Moscow's Aim: Split NATO

By Thomas A. Sancton

SOVIET UNION

The "peace"offensive against Europe tries to block U.S. missiles

With the rows of medals on his full-dress uniform gleaming under the television lights, Soviet Defense Minister Dmitri Ustinov stepped to the podium in the Kremlin's modernistic Palace of Congresses late last week to report on the state of the country. In his address, delivered on the eve of a national holiday marking the 64th anniversary of the Bolshevik Revolution, Ustinov lectured Washington on its belligerent rhetoric. Charged Ustinov: "Its high-ranking representatives declare with cynical disregard for the destinies of peoples that 'there are things more important than peace' and that a so-called limited nuclear war is not only possible but even acceptable."
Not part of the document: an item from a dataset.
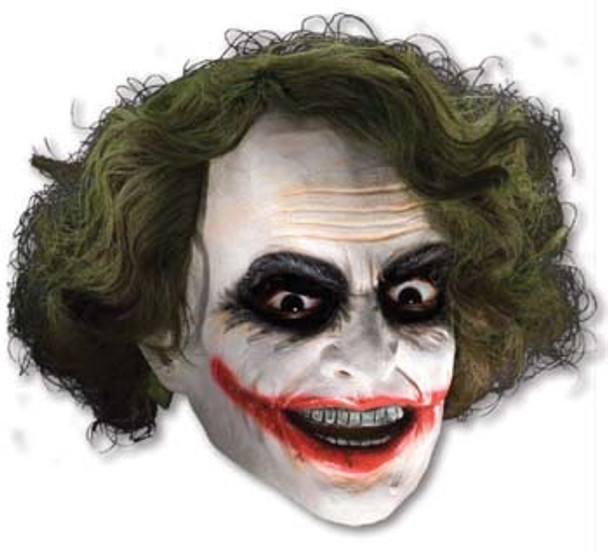 Joker 3/4 Mask With Hair-Dark Knight Trilogy Adult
That was only the latest salvo in a Soviet peace offensive that has been building to a crescendo over the past few months. The ultimate goal of this intense propaganda campaign is to drive a wedge between the U.S. and its Western European allies. The more immediate intent is to encourage opposition to the stationing of a new generation of U.S. medium-range missiles in Western Europe, a policy that NATO adopted in 1979 to offset the prolific deployment of SS-20s and other weapons in the western Soviet Union. Ustinov's remarks were carefully targeted and timed. Moscow's campaign will soon face two key tests: the opening on Nov. 30 of the Geneva talks on limiting Soviet and American theater nuclear forces (T.N.E) in Europe, and Leonid Brezhnev's visit on Nov. 22 to West Germany, where opposition to the NATO missile plan is already strong enough to endanger Chancellor Helmut Schmidt's hold on the government.
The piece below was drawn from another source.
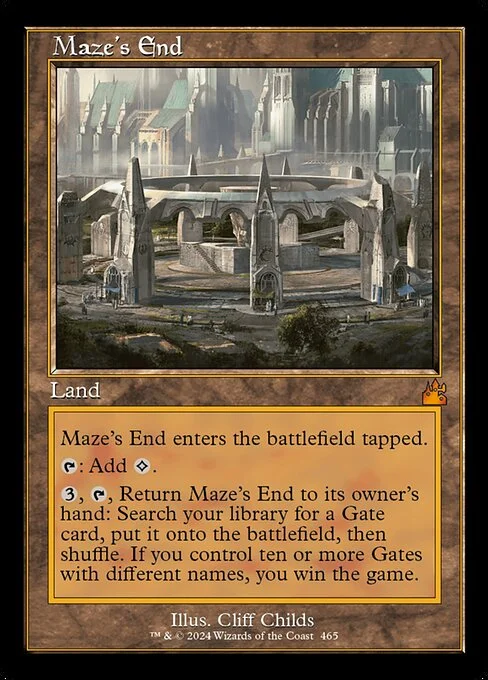 Maze's End, carta Magic di tipo Land illustrata da Cliff Childs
Never had the European climate seemed more favorable to Moscow's appeals for peace. Extensive demonstrations in Bonn, London, Brussels, Paris and Rome last month brought nearly a million people into the streets to protest the scheduled deployment of 572 NATO missiles beginning in 1983. Moreover, Europeans were increasingly jittery over U.S. nuclear strategy in the wake of Ronald Reagan's casual remark three weeks ago that an "exchange of tactical weapons against troops" in Europe was conceivable without escalating into an all out exchange between the two superpowers. Although it was misleadingly quoted out of context, the remark revived a recurring fear that the U.S. was prepared to sacrifice its European allies without risking its own survival. Washington later reiterated its total defense commitment to Europe, but Soviet propagandists deftly exploited Reagan's gaffe.

Nor did Secretary of State Alexander Haig help matters when he told the Senate Foreign Relations Committee last week that NATO contingency plans included exploding a nuclear device as a "demonstration" to persuade the Soviets to fall back, should they seek to overrun Western Europe. Grumbled a Western diplomat in Bonn: "Which sounds best to the West Germans in the present circumstances, Brezhnev waffling about his desire for peace, or Haig waffling about firing a warning nuclear shot above the Russians' heads?" Lamented a member of Schmidt's divided Social Democratic Party: "Those who say 'Better red than dead,' have certainly received a boost."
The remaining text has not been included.